**** STORED DATA ****
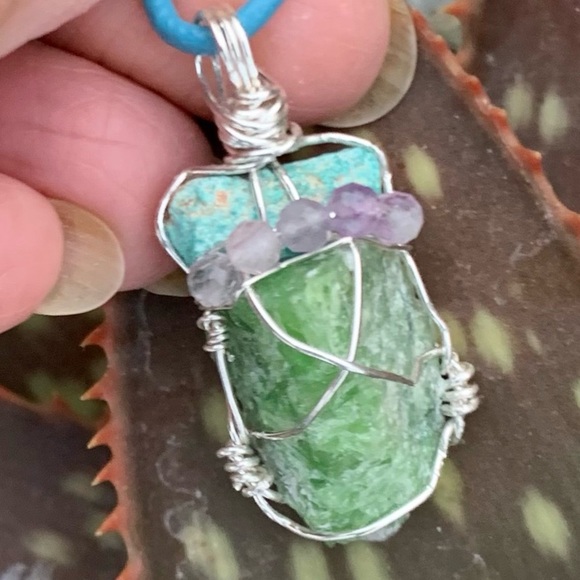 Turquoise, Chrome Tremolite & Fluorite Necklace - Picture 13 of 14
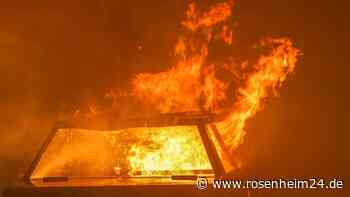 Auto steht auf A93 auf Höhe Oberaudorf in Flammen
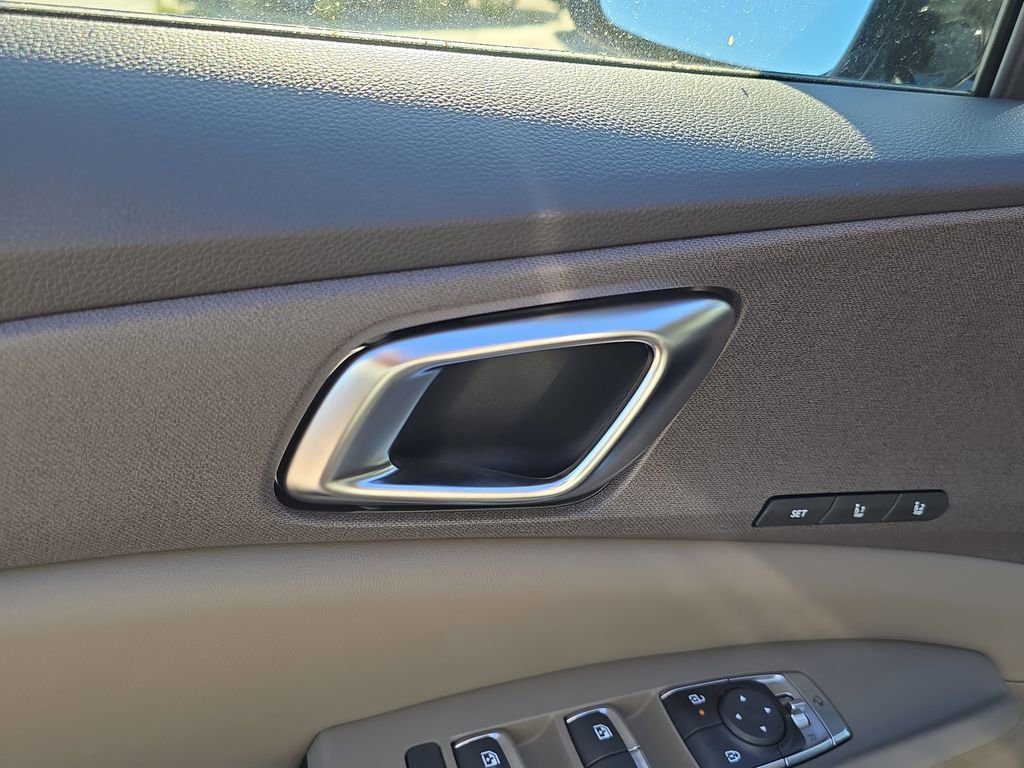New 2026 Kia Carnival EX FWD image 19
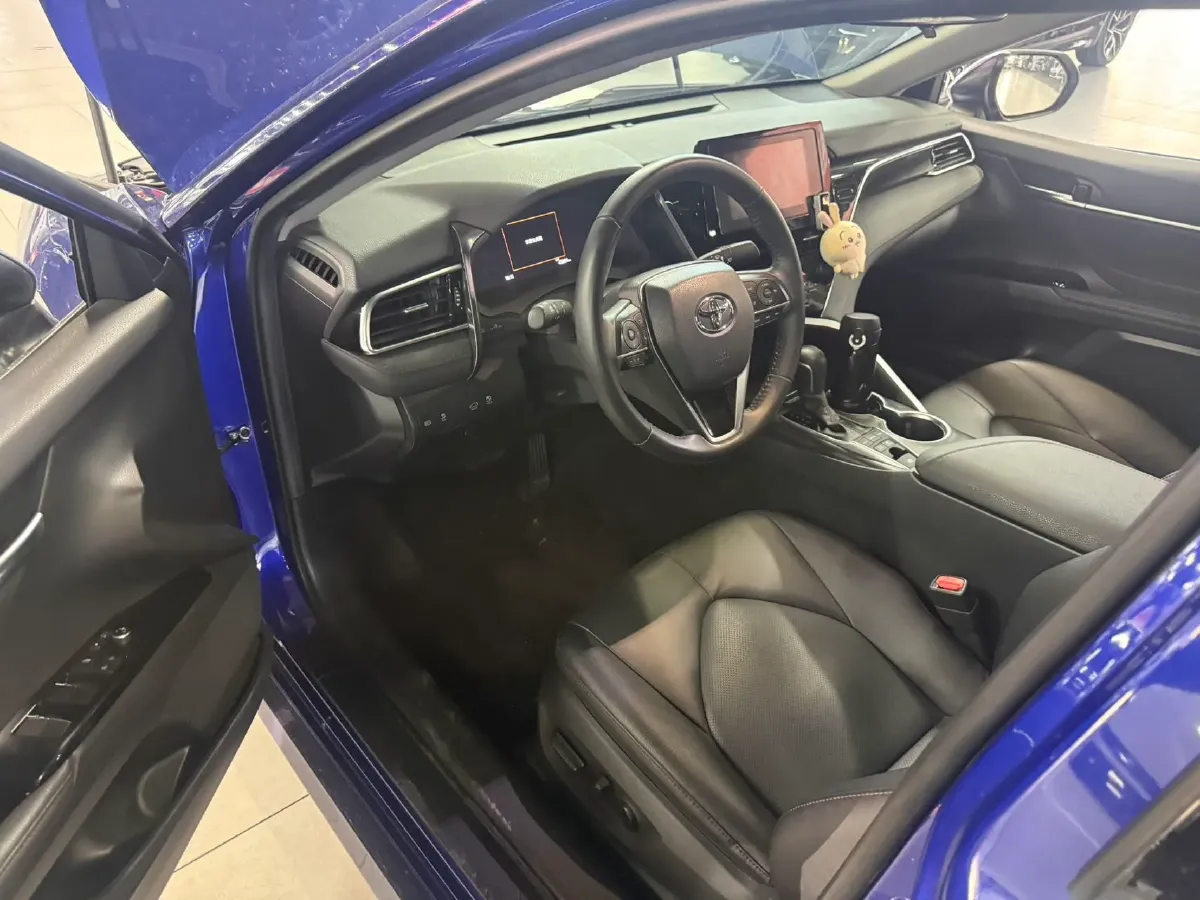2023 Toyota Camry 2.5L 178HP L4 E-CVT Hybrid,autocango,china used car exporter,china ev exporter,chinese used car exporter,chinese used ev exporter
****
_EXERCISE GOAL_: Write out exactly the lines from the one that contains "Auto steht auf" through the last line of the data above, both included. Leave every picture out.

_WRITTEN RESPONSE_:
 Auto steht auf A93 auf Höhe Oberaudorf in Flammen
New 2026 Kia Carnival EX FWD image 19
2023 Toyota Camry 2.5L 178HP L4 E-CVT Hybrid,autocango,china used car exporter,china ev exporter,chinese used car exporter,chinese used ev exporter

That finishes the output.